Because this effect might have been driven primarily by the change in verbs, a planned analysis was also conducted that did not include the verbs. This analysis resulted in a similar pattern, with entity nouns showing less overall evidence of change in their centroid than relational nouns, F(2, 149) = 4.80, MSE = .0008, p < .05, ηp2 = .031. The rate of change also increased over time, F(2, 149) = 760.66, MSE = .00001, p < .001, ηp2 = .836. Most importantly, the observed interaction, in which relational nouns showed an increased rate of change over time as compared to entity nouns, was also preserved, F(2, 149) = 6.98, MSE = .00001, p < .01, ηp2 = .045.

Discussion

In this study, patterns of language change were compared for English nouns and verbs. This analysis revealed that nouns showed less contextual variability within each time period than verbs. Likewise, the centroids representing nouns changed more slowly over time than verbs, and entity nouns change more slowly than relational nouns. These results are in line with theories that argue that verbs, and relational nouns, are represented using relations whereas entity nouns are represented as direct denotations.
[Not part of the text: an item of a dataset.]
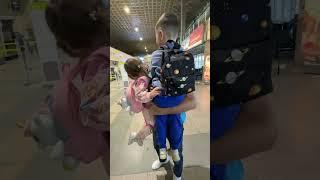 Не виделись с дедушкой год️ #многодетнаясемья #семья #семьявместе #дети #погодки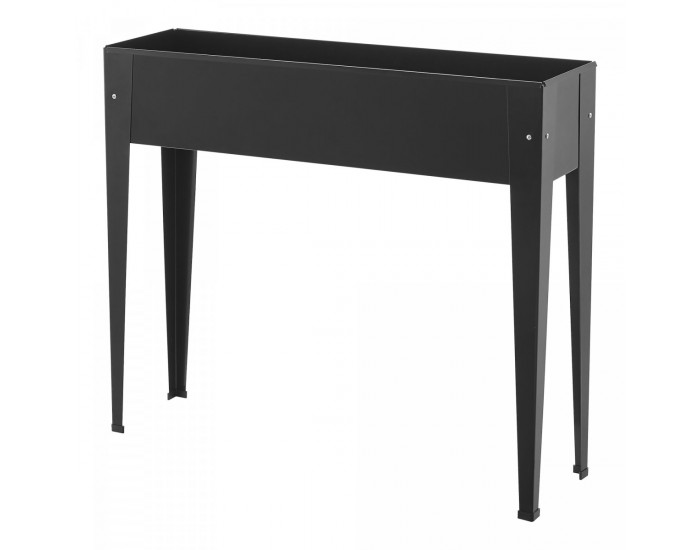 Повдигната леха Lelystad, размери  97x24x20 см,  Стомана,  Антрацит цвят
These results also demonstrate the utility and efficacy of corpus statistics as a tool for observing large scale trends in language use. Whereas in the lab we observe and record the behavior of an individual or a small number of individuals at a time, focusing on the details of their behavior, corpora provide us with an overview of the behavior of large groups of humans. Converging evidence from both methodologies is likely to provide researchers with more confidence in the validity and reliability of their results.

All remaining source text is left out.